WHAT YOU NEED TO DO: Only the lines from the one with "Dewan Barsel Dorong" through the final line below belong in the answer, copied exactly and without pictures.

─── RECORDS TO PROCESS ───

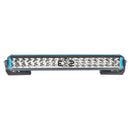 20" EX2 - R Light Bar RGB Double Row - Mick Tighe 4x4 & Outdoor - Narva - 72843 - 20" EX2 - R Light Bar RGB Double Row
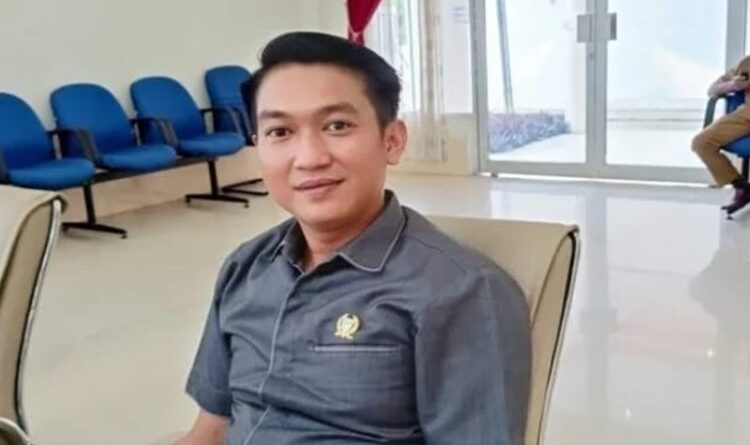 Dewan Barsel Dorong Kembangkan Usaha Desa yang Berpotensi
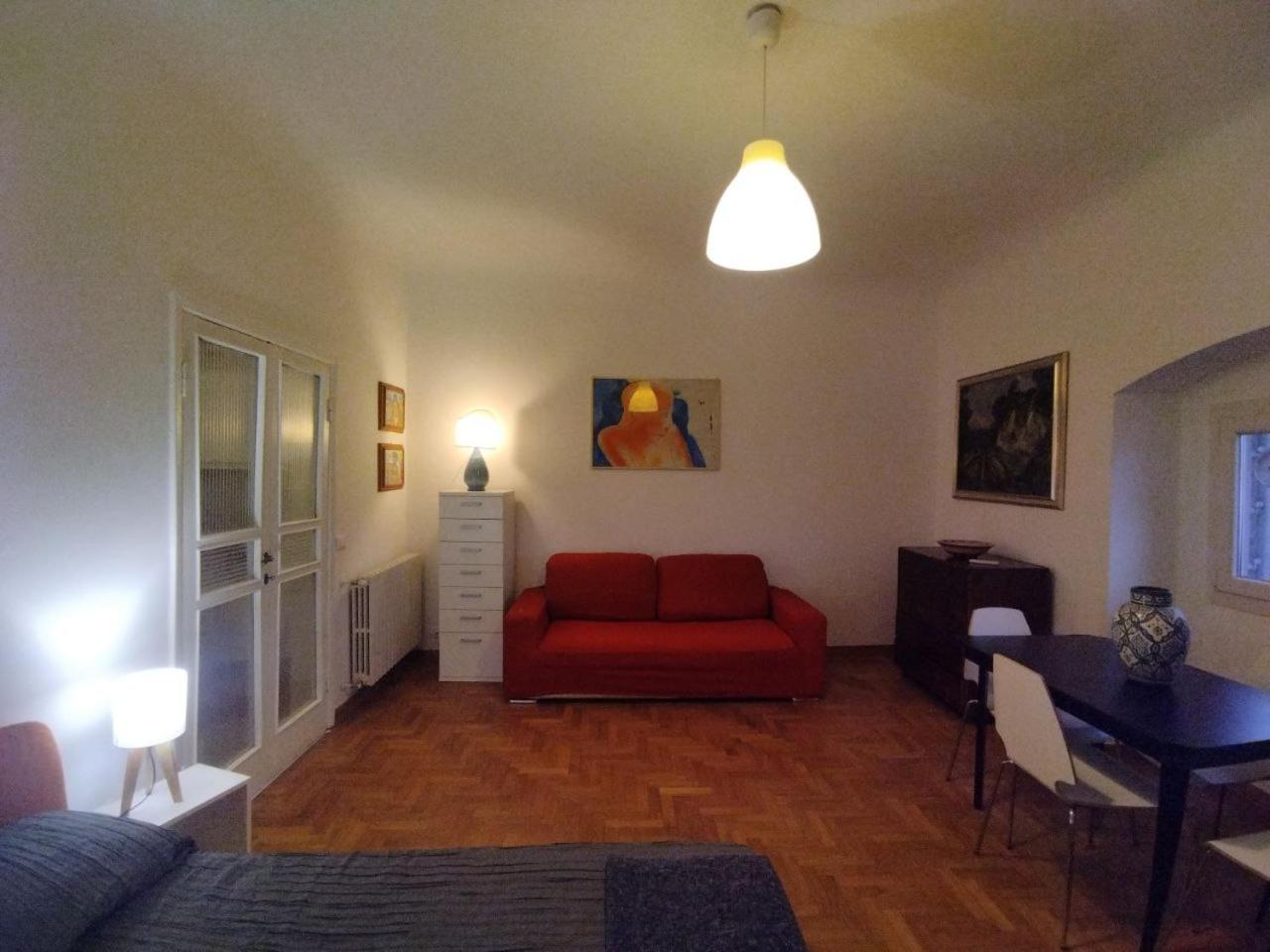 De' Servi Studio Al Duomo - A Hidden Nest In Downtown Florencie Exteriér fotografie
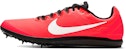 Nike Zoom Rival D 10 'Laser Crimson' - Merah Menyala 907566-604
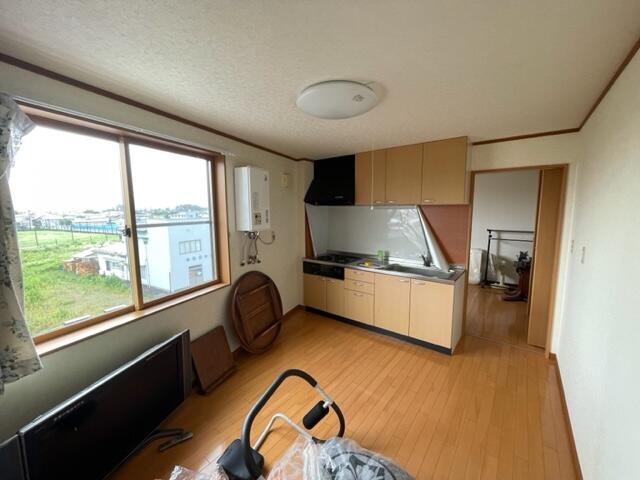 commercial 字鳥小屋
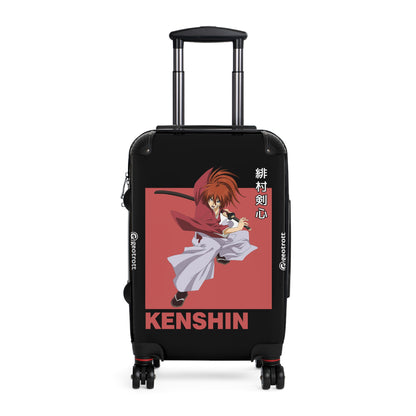 kenshin vow keeper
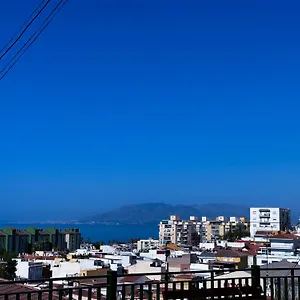 Sea View * Malaga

───

WRITTEN RESPONSE:
 Dewan Barsel Dorong Kembangkan Usaha Desa yang Berpotensi
 De' Servi Studio Al Duomo - A Hidden Nest In Downtown Florencie Exteriér fotografie
 Nike Zoom Rival D 10 'Laser Crimson' - Merah Menyala 907566-604
 commercial 字鳥小屋
 kenshin vow keeper
 Sea View * Malaga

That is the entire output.